Одним из моментов устранения философии в ее собственном развертывании является отрицание коммуникации. Собственно, некоммуникативность сознания требует дополнительной интерпретации, однако наиболее важен в данном случае следующий тезис:

Сознание постоянно должно возникать. Коммуницируется нечто другое. А если нечто коммуницируется, это – не сознание. (СИС, с. 67)

В данном пункте сознание выступает в качестве агента, который выводит философию из области знаковой коммуникации так, что она полностью растворяется в иной, более точной и полной коммуникации. Полная коммуникация сознания состоит в том, что коммуницируется только то, что не нужно передавать. Именно на основе полной коммуникации (коммуникации без потерь и без кода) строится логика предельной «сферы сознания», апеллирующая к понятию события и «мирового объекта»:

Мы полагаем, что некоторые факты, объекты, события сознания, в отличие от психической жизни человека, являются событиями, объектами, стоящими как бы на линиях, которые пронизывают любые эпохи, любые человеческие структуры, какие бы они ни были – культурные, социальные, личностные, в которых что-то существует вне времени, в которых что-то существует как тождество. Возьмем такой пример: «потоп»… (СИС, с. 54).
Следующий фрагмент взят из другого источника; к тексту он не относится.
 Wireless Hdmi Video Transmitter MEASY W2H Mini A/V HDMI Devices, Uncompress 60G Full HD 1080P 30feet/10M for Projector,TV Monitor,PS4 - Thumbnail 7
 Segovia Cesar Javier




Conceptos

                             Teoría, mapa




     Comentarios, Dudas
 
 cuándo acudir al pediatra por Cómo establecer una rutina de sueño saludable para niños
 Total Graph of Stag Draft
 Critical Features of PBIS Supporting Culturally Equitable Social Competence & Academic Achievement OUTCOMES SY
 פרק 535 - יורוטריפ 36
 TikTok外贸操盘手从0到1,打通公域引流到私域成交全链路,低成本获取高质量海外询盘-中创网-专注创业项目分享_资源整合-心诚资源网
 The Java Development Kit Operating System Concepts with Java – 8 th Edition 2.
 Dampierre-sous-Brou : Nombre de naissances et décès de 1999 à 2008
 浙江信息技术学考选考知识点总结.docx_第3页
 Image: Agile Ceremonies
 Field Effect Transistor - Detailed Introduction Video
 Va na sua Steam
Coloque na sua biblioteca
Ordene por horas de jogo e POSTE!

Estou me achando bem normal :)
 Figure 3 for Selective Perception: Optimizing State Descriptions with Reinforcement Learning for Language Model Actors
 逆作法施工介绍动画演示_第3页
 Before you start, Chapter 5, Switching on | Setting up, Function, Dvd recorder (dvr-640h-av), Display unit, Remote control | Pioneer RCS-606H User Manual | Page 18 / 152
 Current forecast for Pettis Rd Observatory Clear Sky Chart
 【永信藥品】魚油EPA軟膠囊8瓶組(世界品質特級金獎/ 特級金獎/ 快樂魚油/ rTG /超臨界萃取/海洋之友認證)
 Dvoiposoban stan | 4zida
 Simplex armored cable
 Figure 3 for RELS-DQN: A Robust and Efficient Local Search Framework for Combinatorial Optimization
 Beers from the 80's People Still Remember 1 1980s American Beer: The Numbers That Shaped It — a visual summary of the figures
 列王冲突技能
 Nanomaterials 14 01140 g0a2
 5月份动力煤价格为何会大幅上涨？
Из отрицания коммуникации возникает логика совпадения культурно разных событий в одном-единственном объекте сферы сознания (то есть постулируется универсальность некоторых некоммуницируемых смыслов, вынесенных за пределы знаковой экономии), но ее следствием является устранение «коммуницируемой» философии как агента сознания: сознание не нуждается в таких агентах. В этом смысле метатеория сознания является критикой не только любых теорий «коммуникативного» или «интерсубъективного» разума, но и критикой представления о «коммунитарной» сущности философии (философия – то, что делается сообща и в совместности, возможно, делается путем бездействия). Два философа могут состояться в качестве философов только независимо друг от друга, то есть в идеальном совпадении сознания. Такая теория является более «сильной», чем теория «монолога» – например, чем теория концептуального строительства Делеза, предполагающая монологичность, но сохраняющая в этом монологе трансформированную речь философа. В сознании философ сам служит не более, чем знаком совпадения того, что случается без него, что, во всяком случае, не может быть названо его творением. В этом отношении интересен вопрос о действительной связи двух и большего количества философов, являющейся традиционной темой самой философии (Сократ – Платон, Сократ – Алкивиад, Гераклит – все остальные). По логике метатеоретического рассуждения, любая философская связь не просто безразлична, но и опасна. Опасность в том, что она обязательно требует производства вторичных символизаций и фиксации философии в рамках замкнутого цикла Сократ – Платон – Аристотель (Сократ – чистый агент сознания, Платон – промежуточная фигура символизации, Аристотель – основатель дискурса и инициатор отмены символизации). Попросту – и существенно упрощая ситуацию – можно заметить: хорошо было бы, если бы философы никак не коммуницировали друг с другом, потому что им это все равно ничего не дает.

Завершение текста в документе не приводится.